The power of federal government agencies over local authorities was at issue before the U.S. Supreme Court on Wednesday, in two complex cases whose outcome could affect the spread of wireless telephone services nationwide.
The specific issue was whether the Federal Communications Commission had authority to step in and try to speed up the process for installing wireless communications towers when state and local authorities were slow to act.
A broad ruling against the FCC could set standards that make courts more willing to limit agencies’ authority to interpret and apply laws, which some critics say belongs with elected officials or the courts themselves.
“The dividing line between state authority and federal authority is a more significant one than some of the other questions as to which agencies get deference,” Chief Justice John Roberts told Solicitor General Donald Verrilli, who argued on the FCC’s behalf.
Roberts described as “vastly different propositions” having the federal judiciary define the limits between state and federal power, and having “an agency of unelected bureaucrats responsible to the executive” do so.
Wednesday’s cases involved a federal law requiring state and local governments to act on tower siting applications within a “reasonable period of time.”
The FCC decided that 90-day and 150-day deadlines were fair, and a federal appeals court upheld its decision. AT&T Inc, Deutsche Telekom AG’s T-Mobile USA Inc and Verizon Wireless, a venture of Verizon Communications Inc and Vodafone Group Plc in court papers support that view.
But Los Angeles, San Antonio, Arlington, Texas, and the New Orleans city council said this interfered with their power to enforce local zoning standards. They argued that the court should have exercised its own judgment rather than deferred to the FCC.
In 1984, the Supreme Court in Chevron USA Inc v. Natural Resources Defense Council Inc set out a test for when to defer to a government agency’s interpretation of a law it administers.
Under that test, if Congress addressed the issue in dispute, then a court must honor that intent.

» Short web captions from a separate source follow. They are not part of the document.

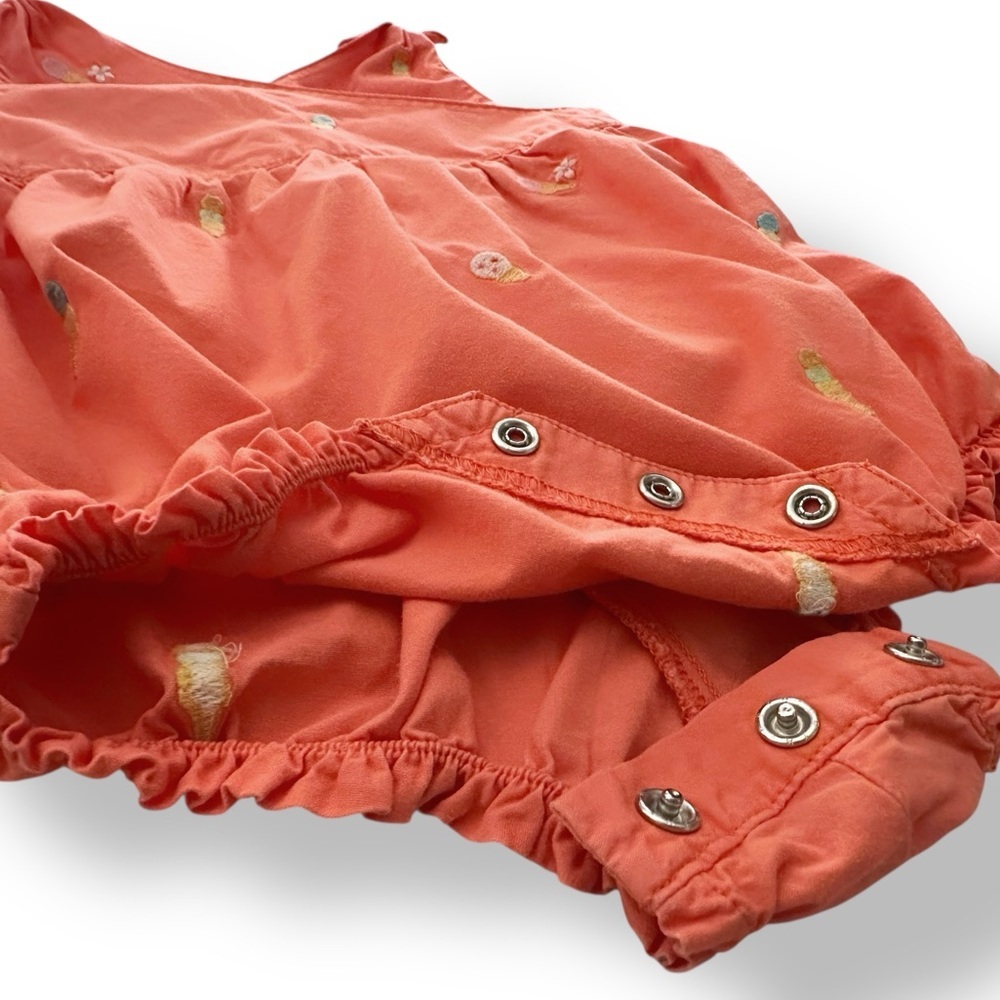 Gymboree | Ice Cream Bubble Romper (6-12 mos) 🍦 - Picture 2 of 5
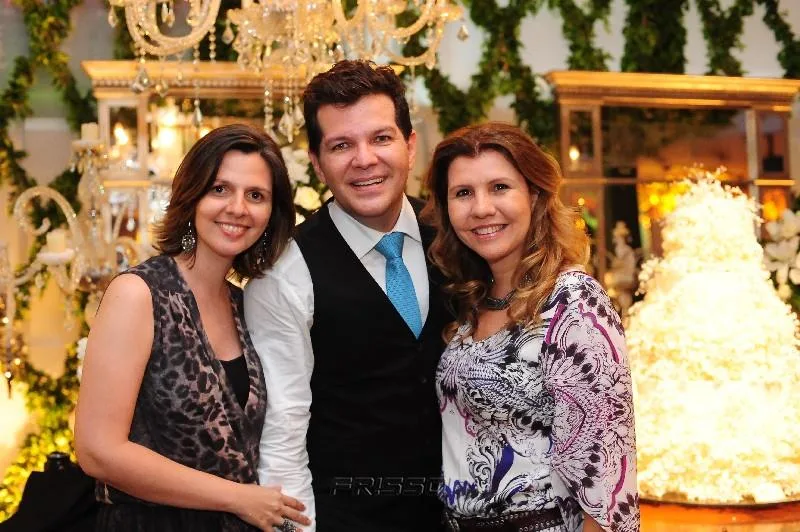 Alexia Fontes, Gustavo Serpa e Georgia Fontes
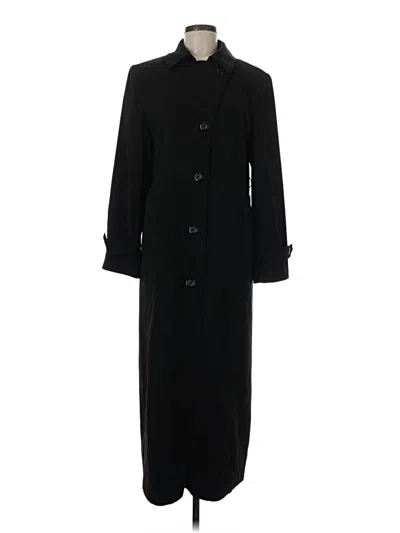 Pre-owned Gallery Coat In Black
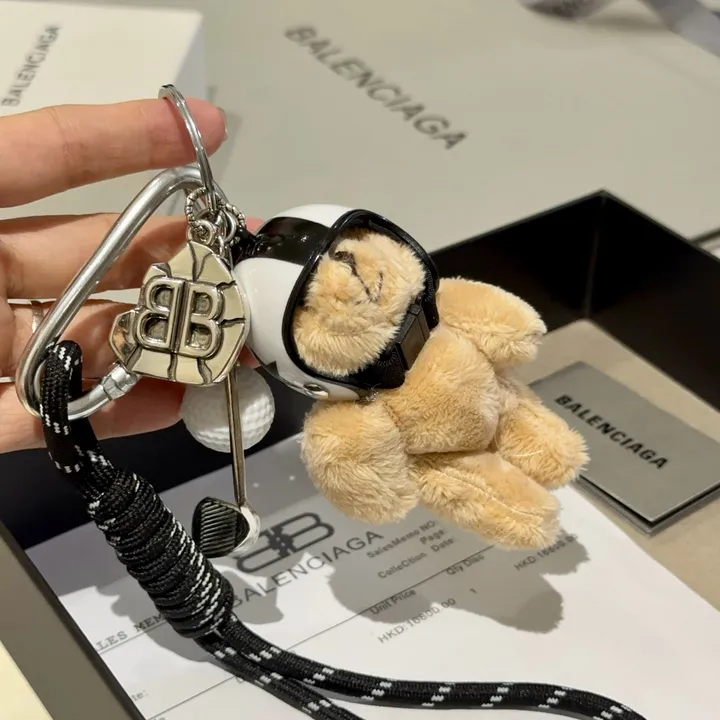 スーパーコピー バレンシアガ キーホルダー
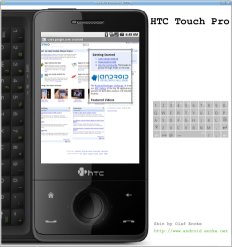 HTC Touch Pro sample picture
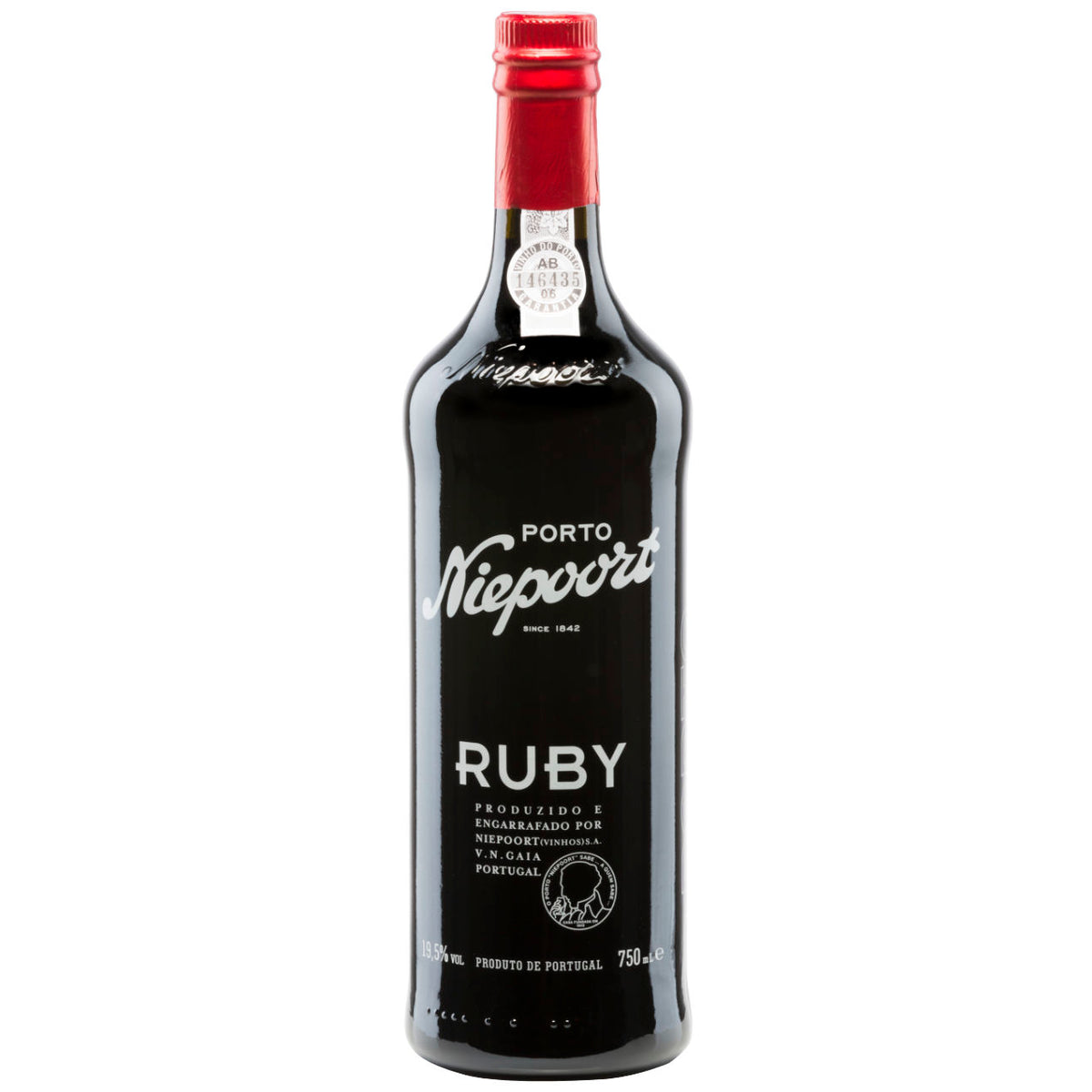 Niepoort Ruby Portwein 19,5 % vol. – 0,75-l-Flasche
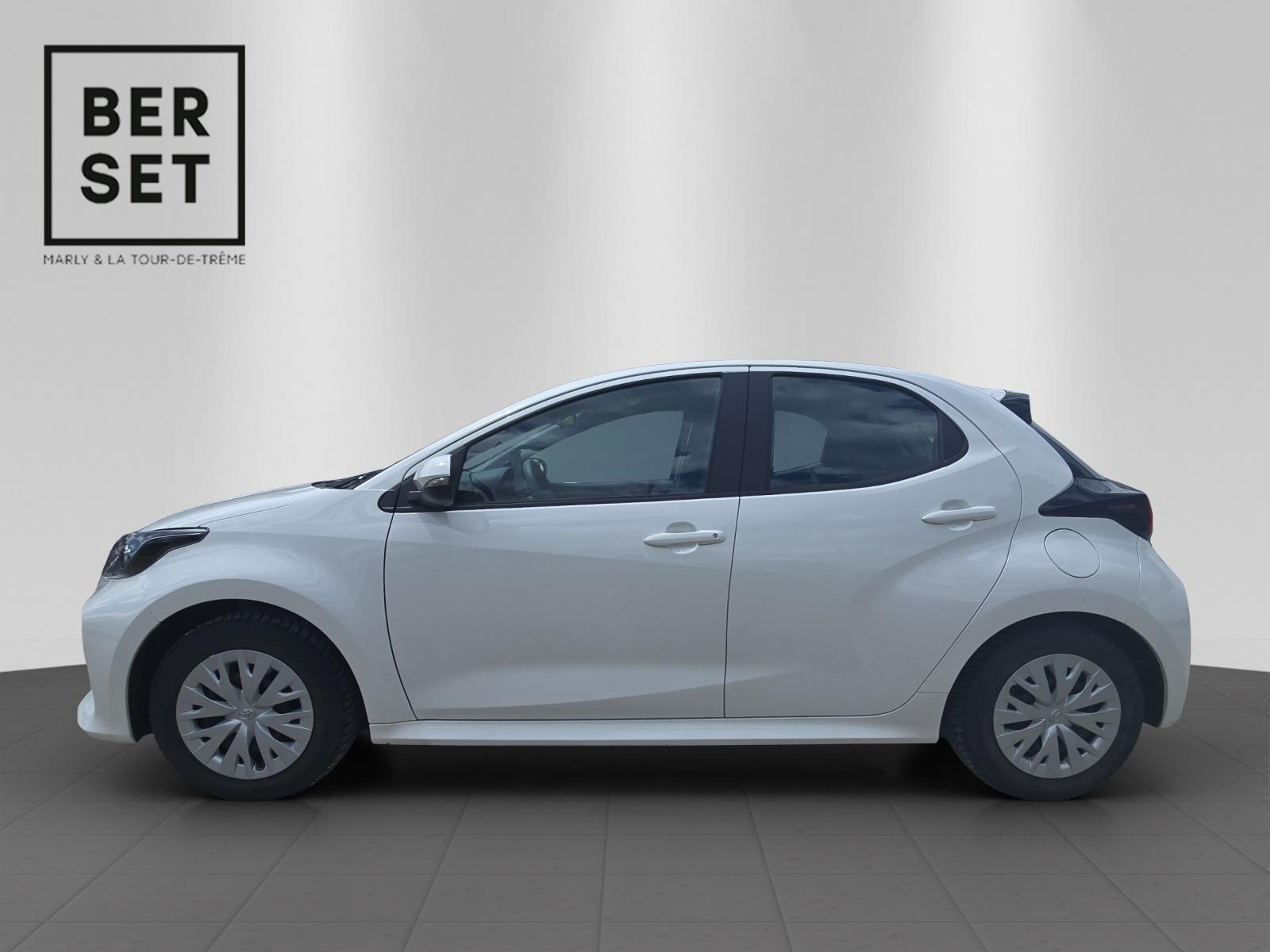 TOYOTA Yaris 1.5 VVT-i HSD Comfort-showroom-element-1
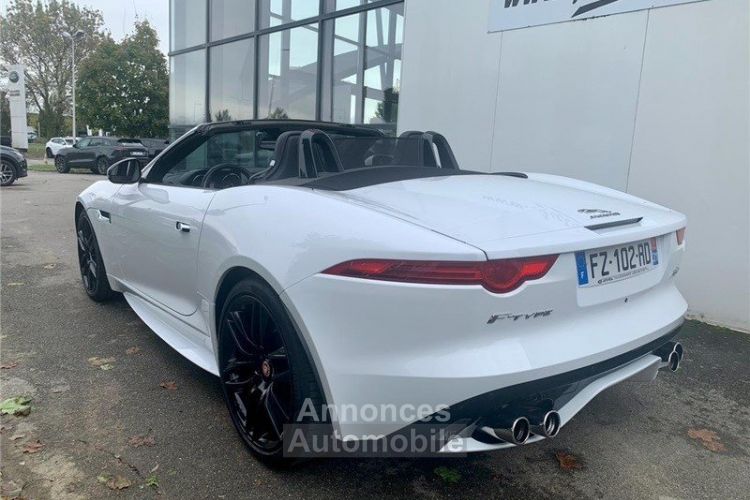 Jaguar F-Type CABRIOLET Cabriolet V8 R 5.0 550 Suralimenté A - <small></small> 63.900 € <small>TTC</small> - #4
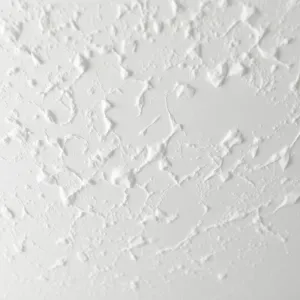 Farba strukturalna na nierówny sufit
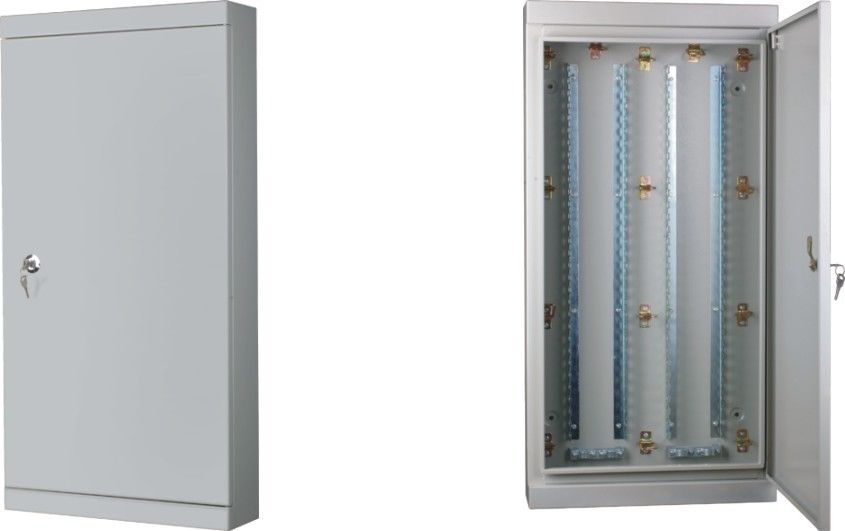 Wall Mounting Telecom Connection Cabinet FTTH Termination Box with Cold Rolled Steel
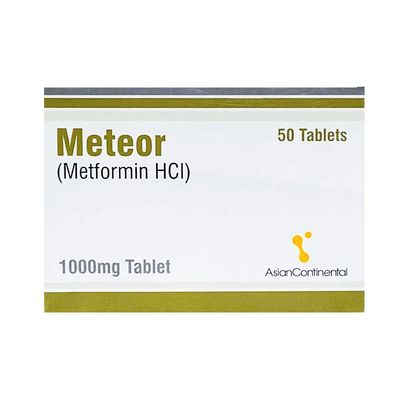METEOR 1000MG TABLET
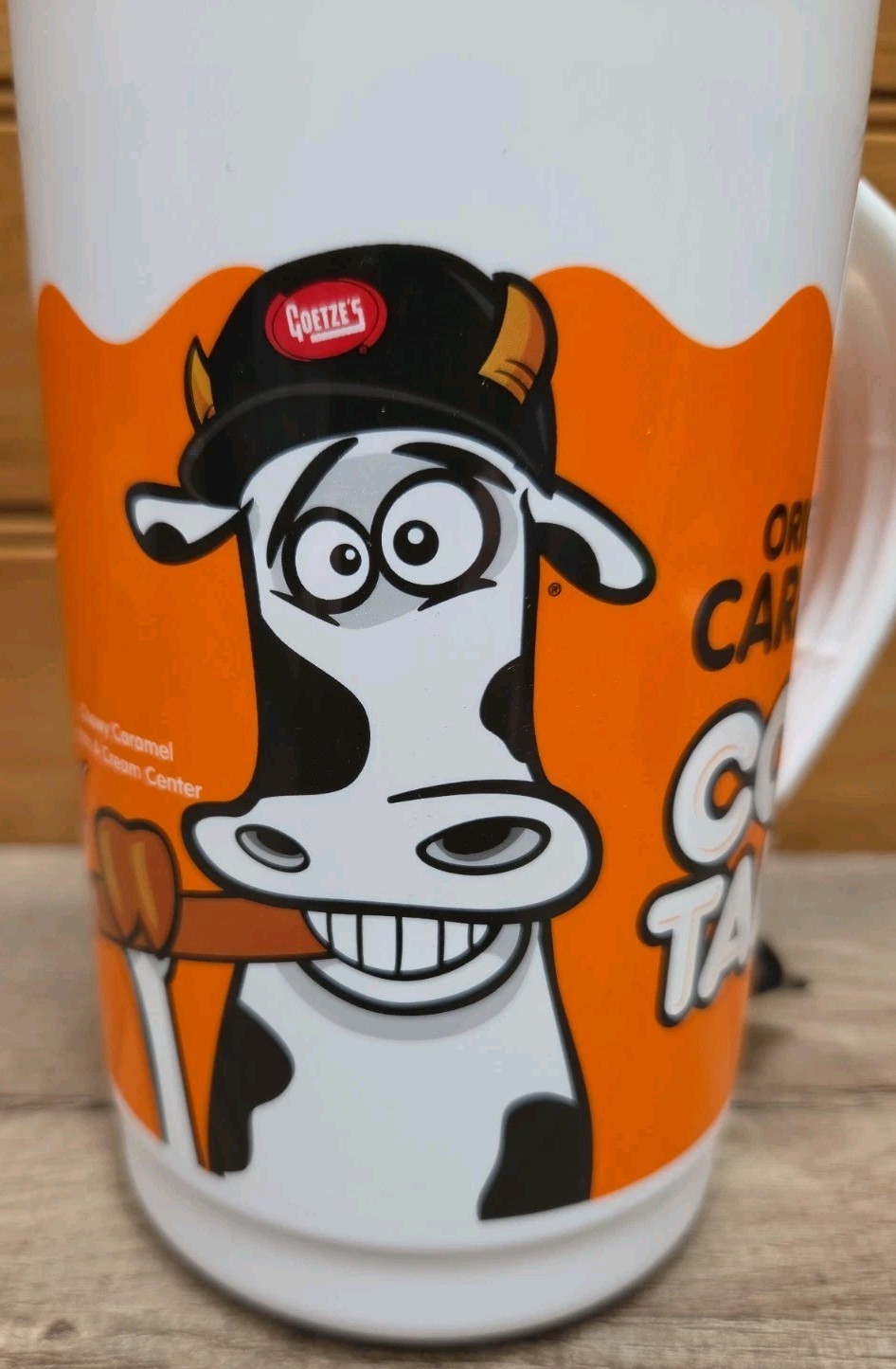 Original Caramel Cow Tales Collectible Mug Goetze’s 32oz Collectible Candy Cows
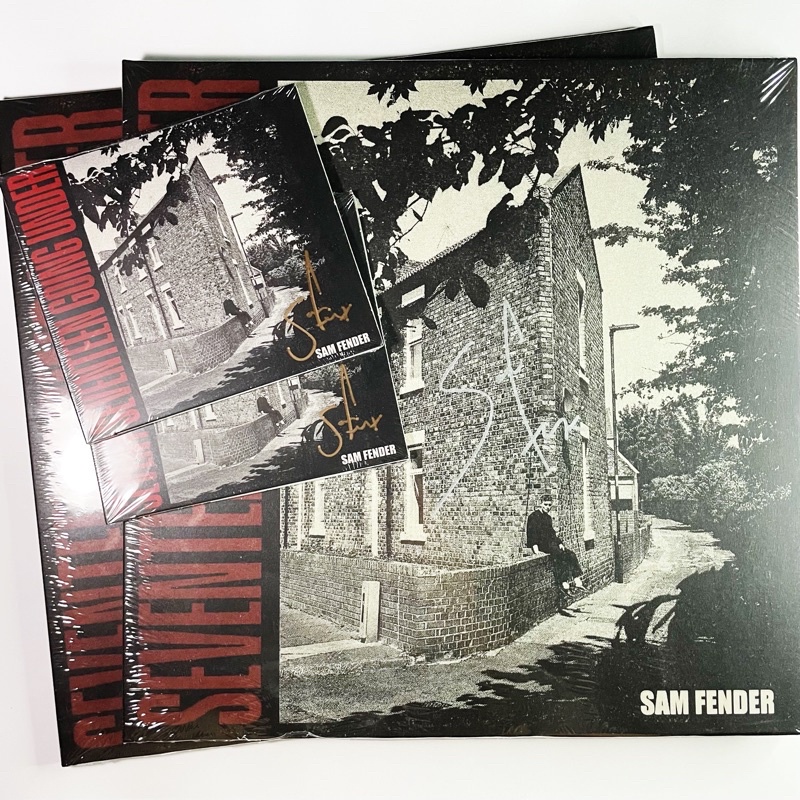 【優惠延長·親簽現貨】Sam Fender Seventeen Going Under 山姆芬德 簽名 黑膠 CD 專輯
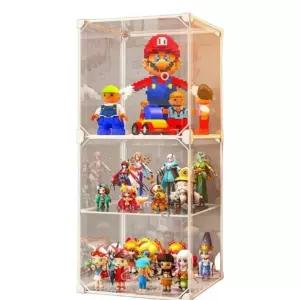 피규어진열장 투명 진열대 아크릴 진열장 프라모델 피규어 수납장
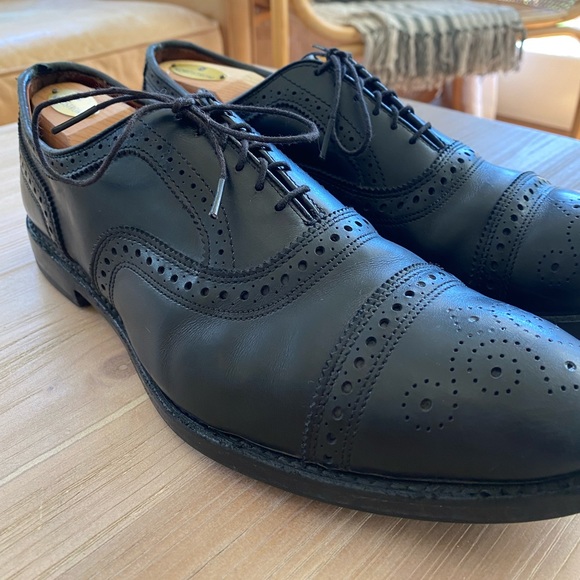 Allen Edmonds Strand Cap-Toe Oxford Dress Shoes - Picture 8 of 15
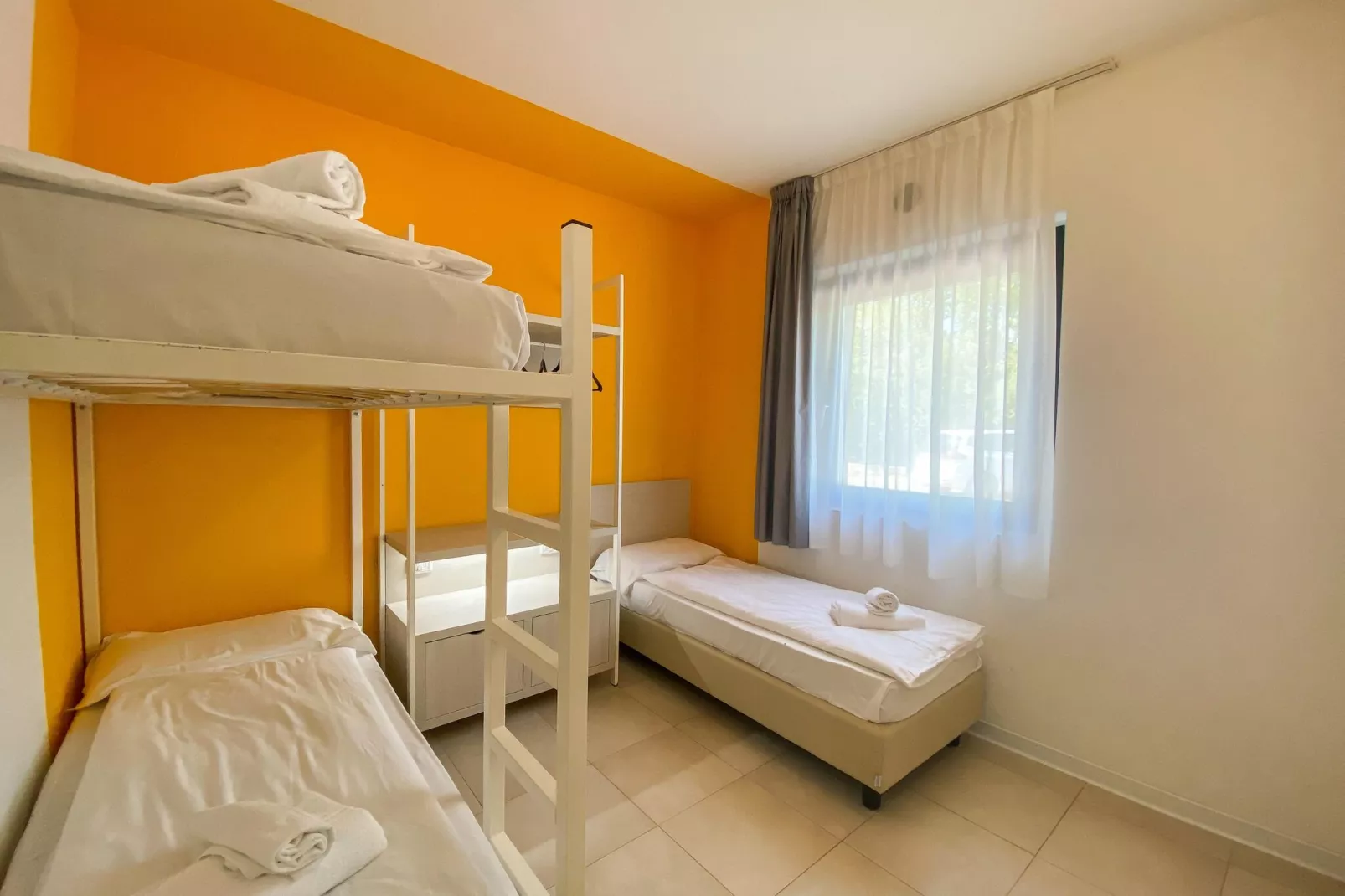 Residence Belvedere Village Castelnuovo del Garda - Trilocale Confort PT-Slaapkamer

But if the law were silent or ambiguous, then a court should defer to the agency so long as its interpretation is “permissible.”
Thomas Goldstein, a lawyer representing the cities, countered that this was the wrong standard, and that Congress did not give the FCC power to set the time limits.
“We recognize that it has its expertise,” he said, referring to the FCC. “The question is, do we have to, when the statute is ambiguous, as it will often be, accept as a matter of law their view that they do have jurisdiction.”
Verrilli countered that agencies should not be forced to distinguish between jurisdictional and nonjurisdictional issues.
“Chevron does provide a stable framework for the development of administrative law,” he said. Ignoring it, he said, could prompt demands that courts delve into too many agency decisions, and result in the “ossification of the administrative process.”
A decision is expected by the end of June.